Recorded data
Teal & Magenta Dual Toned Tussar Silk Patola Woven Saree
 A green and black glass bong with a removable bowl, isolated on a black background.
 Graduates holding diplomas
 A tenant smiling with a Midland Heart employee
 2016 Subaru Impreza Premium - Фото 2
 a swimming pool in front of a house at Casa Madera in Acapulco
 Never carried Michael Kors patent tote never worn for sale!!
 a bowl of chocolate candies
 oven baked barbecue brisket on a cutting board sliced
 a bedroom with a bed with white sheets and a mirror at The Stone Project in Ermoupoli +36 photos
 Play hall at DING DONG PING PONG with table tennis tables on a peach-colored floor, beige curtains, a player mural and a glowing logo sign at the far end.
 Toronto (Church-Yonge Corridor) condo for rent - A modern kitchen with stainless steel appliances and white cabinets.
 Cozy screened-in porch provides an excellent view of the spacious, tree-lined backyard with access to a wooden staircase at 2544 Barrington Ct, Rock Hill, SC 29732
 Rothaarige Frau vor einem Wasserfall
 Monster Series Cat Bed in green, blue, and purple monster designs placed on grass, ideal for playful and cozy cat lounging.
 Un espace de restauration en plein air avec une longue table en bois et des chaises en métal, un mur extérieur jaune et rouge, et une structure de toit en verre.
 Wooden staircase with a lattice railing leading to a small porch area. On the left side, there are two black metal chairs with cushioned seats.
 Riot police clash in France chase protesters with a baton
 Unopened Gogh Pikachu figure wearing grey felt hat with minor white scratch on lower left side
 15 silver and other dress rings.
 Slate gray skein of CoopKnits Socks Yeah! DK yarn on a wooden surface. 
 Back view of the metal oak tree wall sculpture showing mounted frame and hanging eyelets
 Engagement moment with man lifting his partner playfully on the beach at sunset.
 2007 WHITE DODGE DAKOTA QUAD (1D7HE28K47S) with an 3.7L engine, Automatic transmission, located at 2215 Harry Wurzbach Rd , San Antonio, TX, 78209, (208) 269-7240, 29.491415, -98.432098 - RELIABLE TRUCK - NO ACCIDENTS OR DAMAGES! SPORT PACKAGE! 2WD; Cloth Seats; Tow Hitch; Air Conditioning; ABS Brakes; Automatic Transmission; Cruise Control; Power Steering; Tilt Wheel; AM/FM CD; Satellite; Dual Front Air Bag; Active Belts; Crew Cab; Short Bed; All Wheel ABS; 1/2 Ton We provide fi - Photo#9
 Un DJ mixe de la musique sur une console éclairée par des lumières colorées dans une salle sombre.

TASK: Show each line of the records above containing "tree".

OUTPUT OF THE TASK:
 Cozy screened-in porch provides an excellent view of the spacious, tree-lined backyard with access to a wooden staircase at 2544 Barrington Ct, Rock Hill, SC 29732
 Back view of the metal oak tree wall sculpture showing mounted frame and hanging eyelets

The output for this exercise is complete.